The BRICS are continuing their summer crumble. Tumult in credit markets and a roller-coaster ride in emerging market currencies has upended growth expectations and sent a number of emerging economies tumbling. Now even the IMF is beginning to face up to reality. In a confidential note, the IMF backtracked on its optimistic projections for emerging markets, noting that “momentum is projected to come mainly from advanced economies, where output is expected to accelerate.” According to the FT:
[T]he IMF now expects global growth to remain subdued with a recovery in the US, Europe and Japan offset by significantly worse prospects in many emerging economies. Fund staff have revised down their near-term growth projections for emerging economies, placing them 2.5 percentage points below 2010 levels, “with Brazil, China and India mainly accounting for this growth slowdown”, the note said.
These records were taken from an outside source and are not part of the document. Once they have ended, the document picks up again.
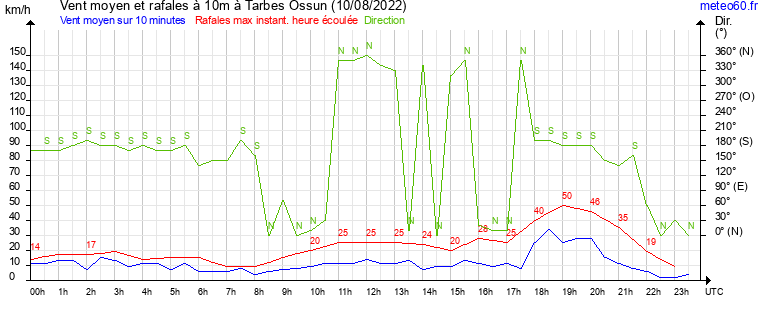 vent moyen et rafales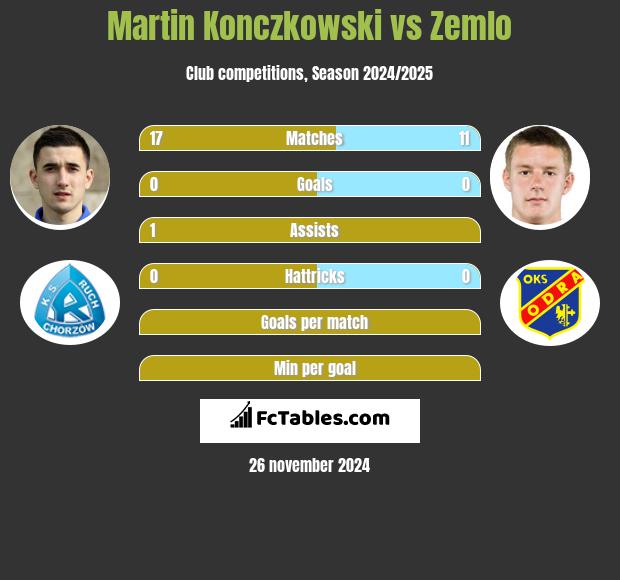 Martin Konczkowski vs Zemlo h2h player stats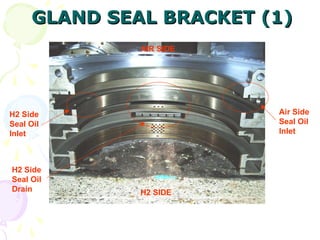 GLAND SEAL BRACKET (1)
GLAND SEAL BRACKET (1)
AIR SIDE
H2 SIDE
Air Side
Seal Oil
Inlet
H2 Side
Seal Oil
Inlet
H2 Side
Seal Oil
Drain
 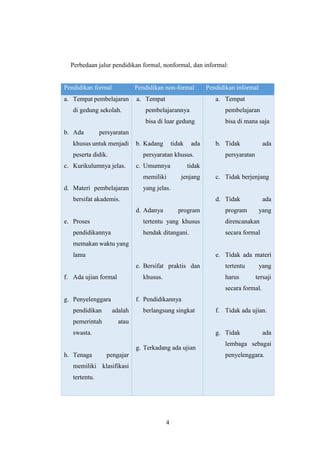 4
Perbedaan jalur pendidikan formal, nonformal, dan informal:
Pendidikan formal Pendidikan non-formal Pendidikan informal
a. Tempat pembelajaran
di gedung sekolah.
b. Ada persyaratan
khusus untuk menjadi
peserta didik.
c. Kurikulumnya jelas.
d. Materi pembelajaran
bersifat akademis.
e. Proses
pendidikannya
memakan waktu yang
lama
f. Ada ujian formal
g. Penyelenggara
pendidikan adalah
pemerintah atau
swasta.
h. Tenaga pengajar
memiliki klasifikasi
tertentu.
a. Tempat
pembelajarannya
bisa di luar gedung
b. Kadang tidak ada
persyaratan khusus.
c. Umumnya tidak
memiliki jenjang
yang jelas.
d. Adanya program
tertentu yang khusus
hendak ditangani.
e. Bersifat praktis dan
khusus.
f. Pendidikannya
berlangsung singkat
g. Terkadang ada ujian
a. Tempat
pembelajaran
bisa di mana saja
b. Tidak ada
persyaratan
c. Tidak berjenjang
d. Tidak ada
program yang
direncanakan
secara formal
e. Tidak ada materi
tertentu yang
harus tersaji
secara formal.
f. Tidak ada ujian.
g. Tidak ada
lembaga sebagai
penyelenggara.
For years, analysts have tooted the refrain of the rise of China and the BRICS at the expense of the developed world. Yet the slowdown in China, an economic crisis in India, and looming trouble for Russia all cast serious doubt on all the initial rosy predictions. While those countries did produce remarkable growth for decades, they were largely playing catch-up to the United States, Europe, and Japan. The BRICS, as well as other emerging markets like Turkey, still must wrestle with very serious political and social issues at home. Until those countries can establish robust and fair legal regimes and craft stable and durable political systems, talk of their ever matching the West will remain just that: talk.
The IMF’s economists are also struggling to cope with several other forecasting errors. Back in April, the Fund was chiding the United States and Britain to delay deficit reduction in favor of free-spending stimulus plans. Here, too, the IMF is admitting that “private demand remains relatively robust in the face of fiscal tightening.”
We hope facing up to the real situation in the BRICS will be a prelude to steps promoting the kinds of structural reforms that would put them back on the right track. Sustainable growth in emerging economies would go along way toward driving job creation and prosperity in the developed world as well.